6)     Bagi suami isteri yang telah bercerai lalu kawin lagi satu dengan yang lain kemudian bercerai lagi untuk kedua kalinya, maka diantara mereka tidak boleh melangsungkan perkawinan lagi, sepanjang hukum agama dan kepercayaannya itu dari yang bersangkutan tidak menentukan lain (Pasal 10 Undang-undang Nomor 1 Tahun 1974). Dalam hal ini dijelaskan lebih lanjut dalam penjelasan Pasal ini, oleh karena perkawinan mempunyai maksud agar suami dan isteri dapat membentuk keluarga yang kekal, maka  sesuatu tindakan yang mengakibatkan putusnya suatu perkawinan harus benar-benar dipertimbangkan dan dipikirkan masak-masak. Ketentuan ini dimaksudkan untuk mencegah tindakan kawin cerai berulangkali, sehingga suami maupun isteri benar-benar saling menghargai satu sama lain.
7)     Tidak dalam waktu tunggu bagi mempelai wanit yang janda.
Masa tunggu ini dalam istilah hukum Islam disebut masa iddah, masa tunggu tersebut dilakukan untuk mencegah terjadinya keraguan mengenai status anak yang dilahirkan dari seorang wanita yang akan menikah lagi. (Pasal 11 Undang-Undang Nomor 1 Tahun 1974).

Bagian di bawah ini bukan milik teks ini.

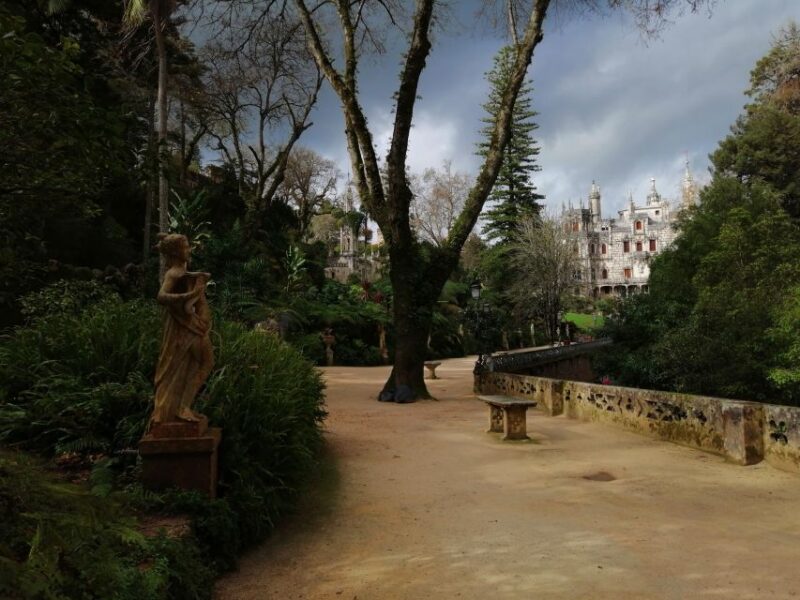 Sintra: Immersive Guided Walking Tour w/ Quinta da Regaleira - Exploring Sintra’s Historic Center and Palaces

Waktu tunggu bagi seorang janda disebutkan dalam Pasal 39 PP Nomor 9 Tahun 1975 yaitu sebagai berikut:
a.      Apabila perkawinan putus karena kematian, waktu tunggu ditetapkan 130 (seratus tiga puluh) hari dihitung sejak kematian suami.
b.     Apabila perkawinan putus karena perceraian, waktu tunggu bagi yang masih berdatang bulan ditetapkan 3 (tiga) kali suci dengan sekurang-kurangnya  90 (Sembilan puluh)  hari dan bagi yang tidak berdatang bulan ditetapkan 90 (Sembilan puluh) hari, tenggang waktu tunggu dihitung sejak jatuhnya putusan pengadilan yang mempunyai kekuatan hukum tetap.
c.      Apabila perkawinan putus sedang janda tersebut sedang dalam keadaan hamil, waktu tunggu ditetapkak sampai melahirkan.
Ad.2    Syarat Formal
Syarat-syarat formal berhubungan dengan tata cara perkawinan, dalam Pasal 12 Undang-undang Nomor 1 Tahun 1974 menyebutkan bahwa tata cara pelaksanaan perkawinan diatur dalam peraturan Perundang-undangan sendiri. Syarat formal yang berhubungan dengan tata cara perkawinan adalah sebagai berikut:
a.      Pemberitahuan untuk melangsungkan perkawinan.
b.     Pengumuman untuk melangsungkan perkawinan.
c.      Calon suami isteri harus memperlihatkan akta kelahiran
d.     Akta yang memuat izin untuk melangsungkan perkawinan dari mereka yang harus memberi izin atau akta dimana telah ada penetapan dari pengadilan.
e.      Jika perkawinan itu untuk kedua kalinya, harus memperlihatkan akta perceraian, akta kematian atau dalam hal ini memperlihatkan surat kuasa yang disahkan pegawai pencatat Nikah.
f.      Bukti bahwa pengumuman kawin telah berlangsung tanpa pencegahan.
g.     Dispensasi untuk kawin, dalam hal dispensasi diperlukan.
Perkawinan yang sah adalah perkawinan yang memenuhi syarat-syarat yang ditentukan oleh Undang-Undang Nomor 1 tahun 1974 dan Peraturan Pemarintah No. 9 tahun 1975. Untuk syarat sahnya perkawinan menurut Undang-undang diatur dalam pasal 2 ayat (1) dan ayat (2) Undang-Undang Nomor 1 Tahun 1974, yaitu:
1.     Perkawinan adalah sah apabila dilakukan menurut hukum masing-masing agama dan kepercayaaannya itu.
2.     Tiap-tiap perkawinan dicatat menurut peraturan perundang-undangan yang berlaku.
            Dijelaskan lebih lanjut dalam penjelasan Pasal 2 ayat (1) sebagai berikut:
                                    Dengan perumusan pada Pasal 2 ayat (1) ini, tidak ada perkawinan diluar hukum masing-masing agamanya dan kepercayaannya itu termasuk ketentuan perundang-undangan yang berlaku bagi golongan agamanya dan kepercayaannya itu sepanjang tidak bertentangan atau tidak ditentukan lain dalam undang-undang ini.
Dari bunyi pasal 2 ayat 1 beserta dengan penjelasannya itu, maka suatu perkawinan mutlak harus dilakukan menurut hukum masing-masing agamanya dan kepercayaanya itu, kalau tidak maka perkawinan itu tidak sah.[2]
Perkawinan harus dilakukan menurut hukum agama dan kepercayaannya, selain itu perkawinan juga harus dicatat dihadapan pegawai pencatat nikah yang berwenang. 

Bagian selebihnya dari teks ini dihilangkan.